BEGIN Records shown

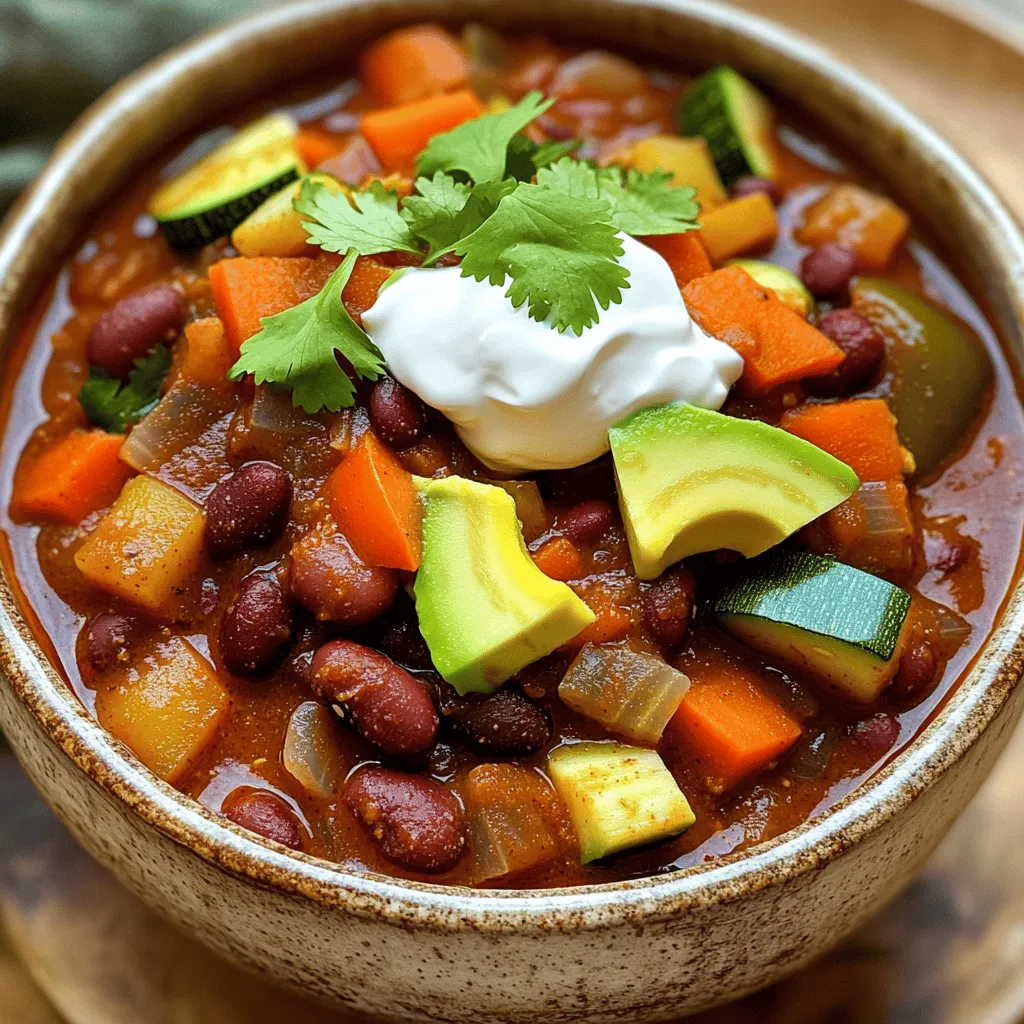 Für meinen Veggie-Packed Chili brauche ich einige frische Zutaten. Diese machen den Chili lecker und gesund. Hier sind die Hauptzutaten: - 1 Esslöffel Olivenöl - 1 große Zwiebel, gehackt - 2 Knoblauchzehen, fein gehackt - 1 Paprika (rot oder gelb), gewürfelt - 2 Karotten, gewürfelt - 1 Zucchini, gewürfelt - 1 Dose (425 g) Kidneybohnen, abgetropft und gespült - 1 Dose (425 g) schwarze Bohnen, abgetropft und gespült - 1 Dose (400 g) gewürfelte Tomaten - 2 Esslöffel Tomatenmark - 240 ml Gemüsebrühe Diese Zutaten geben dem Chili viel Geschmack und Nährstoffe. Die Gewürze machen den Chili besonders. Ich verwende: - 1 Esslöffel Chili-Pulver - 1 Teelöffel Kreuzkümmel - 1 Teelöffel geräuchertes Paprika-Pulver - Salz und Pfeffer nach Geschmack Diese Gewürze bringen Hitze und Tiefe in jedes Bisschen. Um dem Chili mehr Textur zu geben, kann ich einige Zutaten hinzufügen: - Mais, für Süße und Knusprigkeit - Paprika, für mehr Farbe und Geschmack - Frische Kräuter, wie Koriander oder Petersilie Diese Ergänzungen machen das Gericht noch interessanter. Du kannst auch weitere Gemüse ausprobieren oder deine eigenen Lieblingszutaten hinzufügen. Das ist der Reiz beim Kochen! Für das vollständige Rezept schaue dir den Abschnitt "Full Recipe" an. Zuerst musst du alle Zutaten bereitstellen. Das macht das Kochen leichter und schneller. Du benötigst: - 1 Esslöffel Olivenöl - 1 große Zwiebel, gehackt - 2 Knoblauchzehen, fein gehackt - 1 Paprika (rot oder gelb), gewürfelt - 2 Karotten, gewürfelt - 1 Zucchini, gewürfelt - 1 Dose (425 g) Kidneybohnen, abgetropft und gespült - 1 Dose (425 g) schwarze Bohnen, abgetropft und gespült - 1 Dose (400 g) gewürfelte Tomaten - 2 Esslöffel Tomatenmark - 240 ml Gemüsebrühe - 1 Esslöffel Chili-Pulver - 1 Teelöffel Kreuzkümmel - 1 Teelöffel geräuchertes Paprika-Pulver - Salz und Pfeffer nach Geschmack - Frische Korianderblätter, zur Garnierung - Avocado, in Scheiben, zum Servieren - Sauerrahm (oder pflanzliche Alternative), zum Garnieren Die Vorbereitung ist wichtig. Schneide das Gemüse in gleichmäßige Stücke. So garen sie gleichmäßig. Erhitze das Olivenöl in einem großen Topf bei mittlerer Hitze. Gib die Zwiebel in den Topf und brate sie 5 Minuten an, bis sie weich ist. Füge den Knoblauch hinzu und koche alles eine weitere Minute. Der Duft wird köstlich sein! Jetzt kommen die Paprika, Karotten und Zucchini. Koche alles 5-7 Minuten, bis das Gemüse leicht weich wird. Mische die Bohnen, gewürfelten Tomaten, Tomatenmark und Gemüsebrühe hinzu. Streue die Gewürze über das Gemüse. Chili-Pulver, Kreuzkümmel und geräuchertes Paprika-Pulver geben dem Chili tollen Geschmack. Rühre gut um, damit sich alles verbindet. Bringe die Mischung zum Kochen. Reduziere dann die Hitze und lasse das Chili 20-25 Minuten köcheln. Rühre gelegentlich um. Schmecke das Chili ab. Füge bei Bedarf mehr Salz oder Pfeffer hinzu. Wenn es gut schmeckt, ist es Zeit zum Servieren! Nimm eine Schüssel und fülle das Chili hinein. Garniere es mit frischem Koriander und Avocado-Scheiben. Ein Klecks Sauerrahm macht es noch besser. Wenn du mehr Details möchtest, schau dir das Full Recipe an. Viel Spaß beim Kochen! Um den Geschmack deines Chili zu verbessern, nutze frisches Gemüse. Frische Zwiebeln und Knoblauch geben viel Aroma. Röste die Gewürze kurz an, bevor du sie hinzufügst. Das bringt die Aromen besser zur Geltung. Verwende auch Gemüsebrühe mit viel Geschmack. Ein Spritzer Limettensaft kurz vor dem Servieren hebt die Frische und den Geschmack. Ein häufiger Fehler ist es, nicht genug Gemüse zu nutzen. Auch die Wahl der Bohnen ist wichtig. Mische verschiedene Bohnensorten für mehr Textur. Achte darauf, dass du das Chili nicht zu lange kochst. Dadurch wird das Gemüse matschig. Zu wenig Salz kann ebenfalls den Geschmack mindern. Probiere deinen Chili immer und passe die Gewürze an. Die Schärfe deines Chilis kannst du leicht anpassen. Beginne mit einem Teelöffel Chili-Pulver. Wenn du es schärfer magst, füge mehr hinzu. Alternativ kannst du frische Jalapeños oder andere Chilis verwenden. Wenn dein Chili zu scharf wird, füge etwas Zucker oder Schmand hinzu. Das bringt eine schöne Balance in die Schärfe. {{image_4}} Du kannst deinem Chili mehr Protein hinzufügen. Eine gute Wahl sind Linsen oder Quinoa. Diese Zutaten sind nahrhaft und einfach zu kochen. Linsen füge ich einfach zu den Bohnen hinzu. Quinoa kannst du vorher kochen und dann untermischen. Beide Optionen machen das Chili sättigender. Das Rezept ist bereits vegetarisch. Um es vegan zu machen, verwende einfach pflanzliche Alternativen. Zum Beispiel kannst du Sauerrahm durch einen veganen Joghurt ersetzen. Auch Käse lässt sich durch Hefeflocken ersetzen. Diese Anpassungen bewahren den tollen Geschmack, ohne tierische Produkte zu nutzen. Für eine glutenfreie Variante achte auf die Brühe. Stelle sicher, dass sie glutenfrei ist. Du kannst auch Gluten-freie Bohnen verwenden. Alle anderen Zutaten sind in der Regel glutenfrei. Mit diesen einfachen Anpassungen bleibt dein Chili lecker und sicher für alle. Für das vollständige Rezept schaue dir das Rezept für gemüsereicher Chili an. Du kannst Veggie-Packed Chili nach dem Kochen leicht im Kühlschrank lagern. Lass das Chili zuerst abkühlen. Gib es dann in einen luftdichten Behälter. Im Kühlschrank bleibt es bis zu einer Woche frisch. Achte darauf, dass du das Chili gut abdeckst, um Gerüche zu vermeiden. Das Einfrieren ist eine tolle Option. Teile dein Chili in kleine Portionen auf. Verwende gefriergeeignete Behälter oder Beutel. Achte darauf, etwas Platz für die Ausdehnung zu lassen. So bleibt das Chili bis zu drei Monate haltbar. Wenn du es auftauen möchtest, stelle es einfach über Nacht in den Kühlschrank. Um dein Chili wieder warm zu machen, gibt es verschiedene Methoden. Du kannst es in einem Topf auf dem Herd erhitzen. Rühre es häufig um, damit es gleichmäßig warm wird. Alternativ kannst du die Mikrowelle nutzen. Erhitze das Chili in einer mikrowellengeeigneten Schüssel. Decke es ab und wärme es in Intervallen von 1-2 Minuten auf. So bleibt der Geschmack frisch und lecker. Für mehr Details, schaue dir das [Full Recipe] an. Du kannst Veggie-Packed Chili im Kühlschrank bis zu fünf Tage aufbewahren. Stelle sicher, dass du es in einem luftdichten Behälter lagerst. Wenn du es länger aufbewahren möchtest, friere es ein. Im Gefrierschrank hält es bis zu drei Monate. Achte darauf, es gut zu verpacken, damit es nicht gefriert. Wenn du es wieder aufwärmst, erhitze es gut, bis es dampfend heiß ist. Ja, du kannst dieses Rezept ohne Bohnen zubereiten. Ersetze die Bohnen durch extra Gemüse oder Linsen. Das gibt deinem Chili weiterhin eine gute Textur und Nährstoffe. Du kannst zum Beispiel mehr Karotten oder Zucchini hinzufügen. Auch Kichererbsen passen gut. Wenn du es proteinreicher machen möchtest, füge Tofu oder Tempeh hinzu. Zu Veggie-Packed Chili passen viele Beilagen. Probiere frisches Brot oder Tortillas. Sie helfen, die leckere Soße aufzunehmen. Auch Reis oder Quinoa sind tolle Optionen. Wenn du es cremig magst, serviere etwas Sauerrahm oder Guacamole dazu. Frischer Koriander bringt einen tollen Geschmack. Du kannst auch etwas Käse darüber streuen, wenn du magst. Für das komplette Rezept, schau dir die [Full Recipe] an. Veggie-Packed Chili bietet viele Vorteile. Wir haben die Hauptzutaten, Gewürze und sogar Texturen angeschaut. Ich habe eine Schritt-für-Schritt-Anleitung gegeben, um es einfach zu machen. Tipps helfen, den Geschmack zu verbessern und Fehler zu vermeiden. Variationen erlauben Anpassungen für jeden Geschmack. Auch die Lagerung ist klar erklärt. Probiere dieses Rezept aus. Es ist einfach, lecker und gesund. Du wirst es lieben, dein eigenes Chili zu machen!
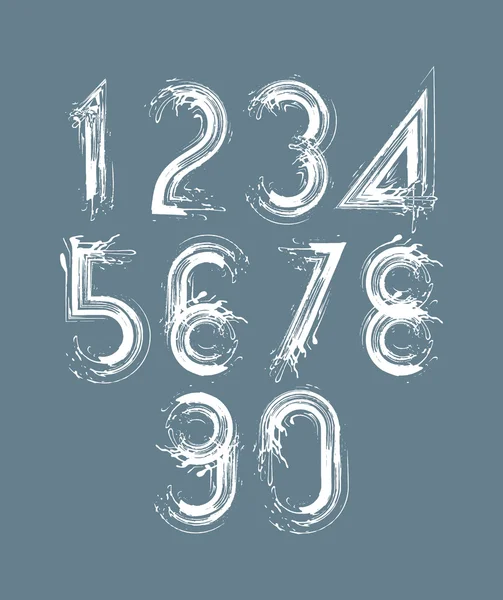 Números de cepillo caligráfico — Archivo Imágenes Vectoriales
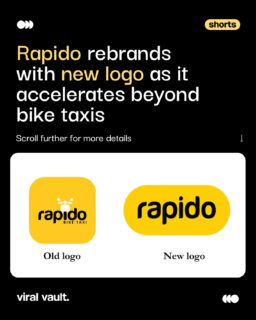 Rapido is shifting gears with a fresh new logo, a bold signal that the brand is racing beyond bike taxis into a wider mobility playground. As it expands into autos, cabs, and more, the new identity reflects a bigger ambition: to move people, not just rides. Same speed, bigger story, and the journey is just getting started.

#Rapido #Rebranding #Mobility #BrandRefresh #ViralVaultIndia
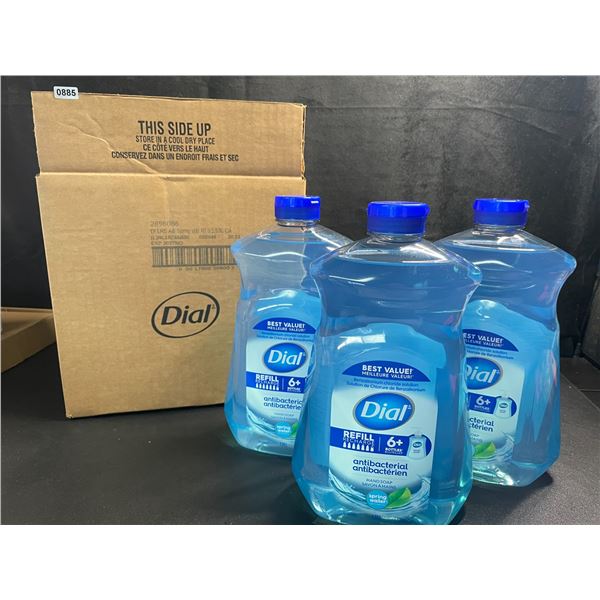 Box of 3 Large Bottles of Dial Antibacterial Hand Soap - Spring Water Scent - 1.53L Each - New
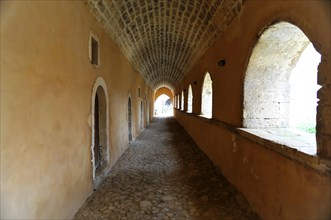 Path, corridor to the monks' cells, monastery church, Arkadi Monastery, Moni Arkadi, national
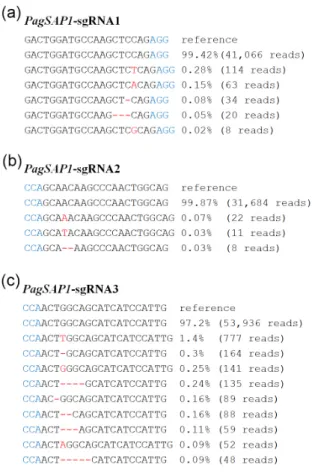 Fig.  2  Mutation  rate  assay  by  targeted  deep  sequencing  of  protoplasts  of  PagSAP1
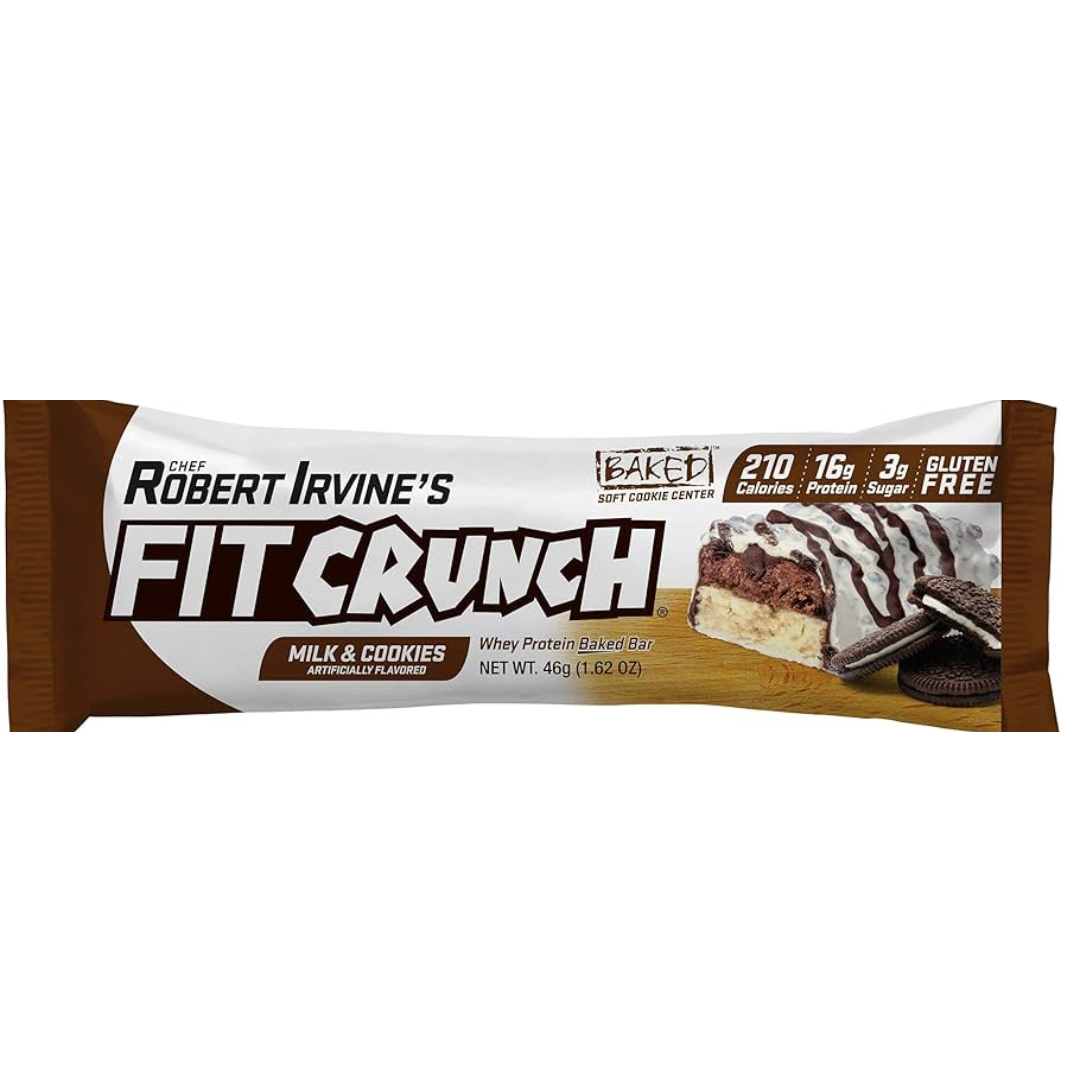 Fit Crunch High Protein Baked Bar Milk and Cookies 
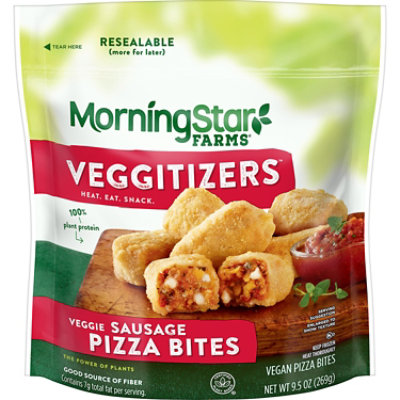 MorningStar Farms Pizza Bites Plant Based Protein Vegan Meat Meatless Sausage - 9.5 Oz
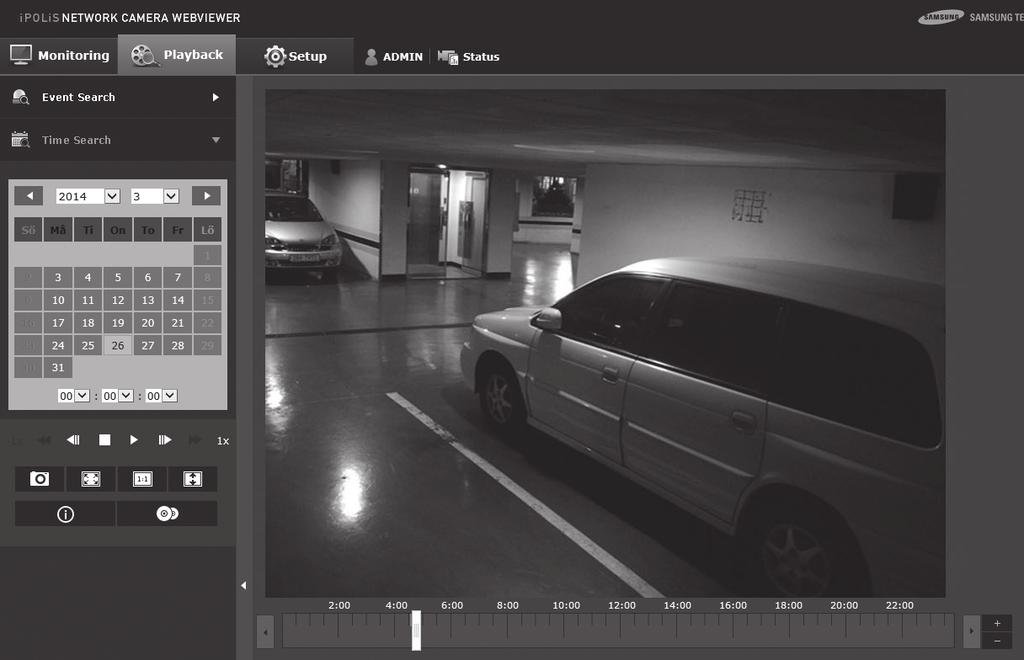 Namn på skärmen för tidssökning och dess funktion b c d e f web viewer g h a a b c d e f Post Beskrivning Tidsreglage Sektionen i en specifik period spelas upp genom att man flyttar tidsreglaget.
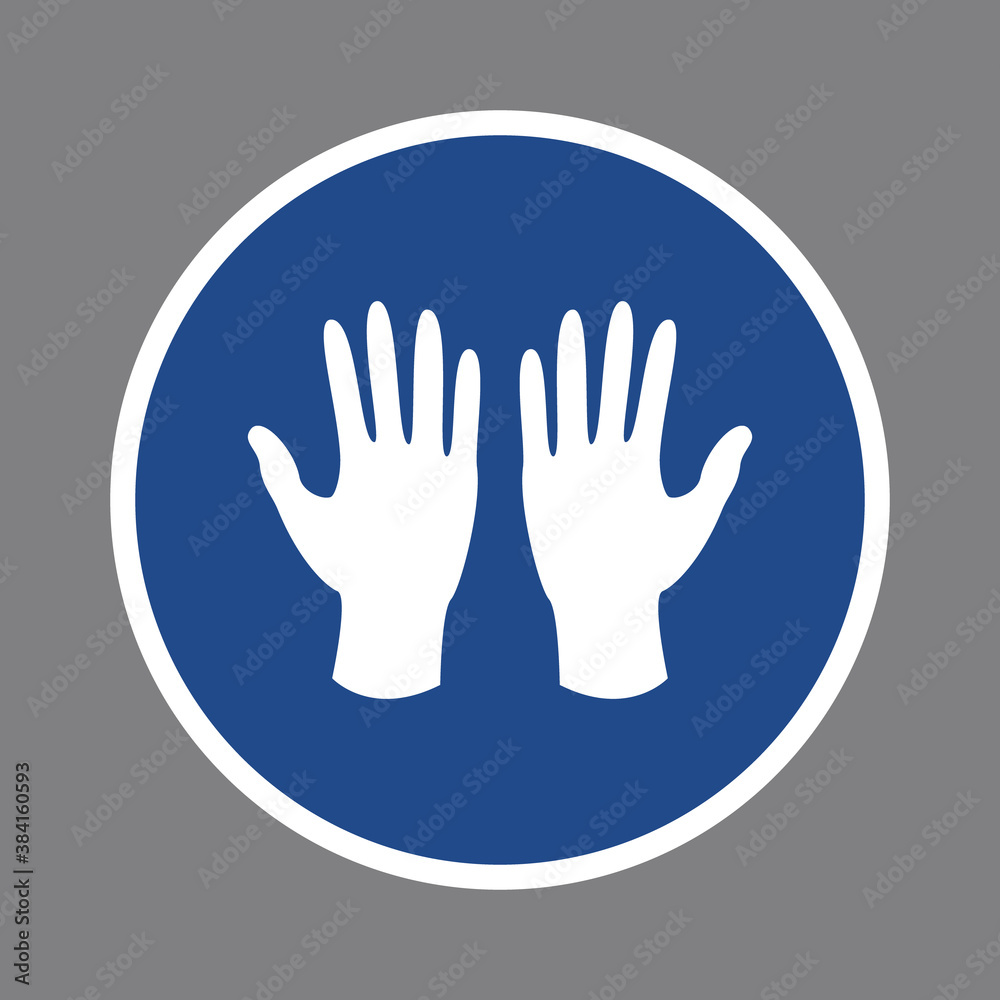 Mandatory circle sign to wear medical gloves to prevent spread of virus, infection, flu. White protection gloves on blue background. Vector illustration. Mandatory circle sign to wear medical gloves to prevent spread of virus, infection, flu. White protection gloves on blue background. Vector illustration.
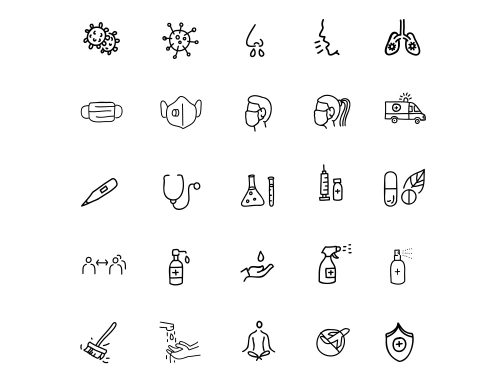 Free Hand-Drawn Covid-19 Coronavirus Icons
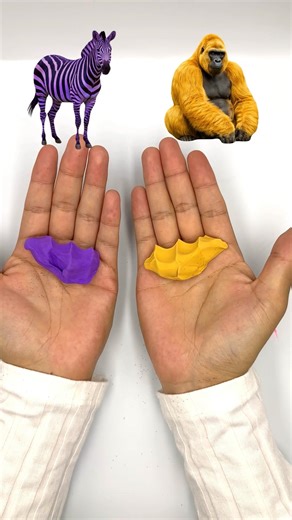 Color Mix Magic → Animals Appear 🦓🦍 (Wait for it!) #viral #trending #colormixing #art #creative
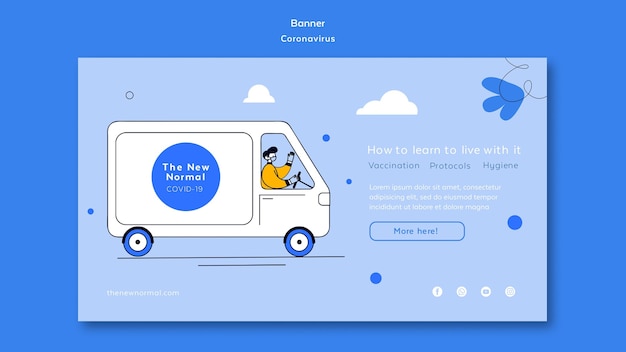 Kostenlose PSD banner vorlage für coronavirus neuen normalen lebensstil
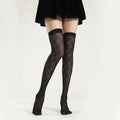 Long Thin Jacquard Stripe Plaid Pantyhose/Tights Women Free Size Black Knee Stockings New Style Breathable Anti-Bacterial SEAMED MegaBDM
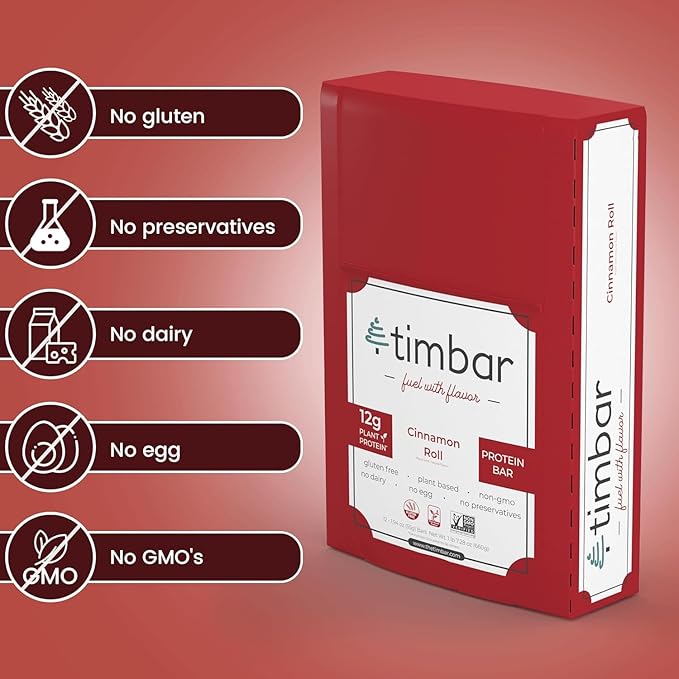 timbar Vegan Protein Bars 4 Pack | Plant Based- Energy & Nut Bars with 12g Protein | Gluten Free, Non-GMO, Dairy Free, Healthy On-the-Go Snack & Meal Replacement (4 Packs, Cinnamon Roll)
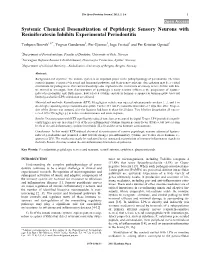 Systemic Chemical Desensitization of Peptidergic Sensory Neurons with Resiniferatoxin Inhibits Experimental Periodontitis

END Records shown

Using the material above, reproduce only the lines that run from the line with "Box of 3 Large" up to and including the line with "Free Hand-Drawn Covid-19 Coronavirus Icons", exactly, with the pictures dropped.

## Task response
 Box of 3 Large Bottles of Dial Antibacterial Hand Soap - Spring Water Scent - 1.53L Each - New
 Path, corridor to the monks' cells, monastery church, Arkadi Monastery, Moni Arkadi, national
 Fig.  2  Mutation  rate  assay  by  targeted  deep  sequencing  of  protoplasts  of  PagSAP1
 Fit Crunch High Protein Baked Bar Milk and Cookies 
 MorningStar Farms Pizza Bites Plant Based Protein Vegan Meat Meatless Sausage - 9.5 Oz
 Namn på skärmen för tidssökning och dess funktion b c d e f web viewer g h a a b c d e f Post Beskrivning Tidsreglage Sektionen i en specifik period spelas upp genom att man flyttar tidsreglaget.
 Mandatory circle sign to wear medical gloves to prevent spread of virus, infection, flu. White protection gloves on blue background. Vector illustration. Mandatory circle sign to wear medical gloves to prevent spread of virus, infection, flu. White protection gloves on blue background. Vector illustration.
 Free Hand-Drawn Covid-19 Coronavirus Icons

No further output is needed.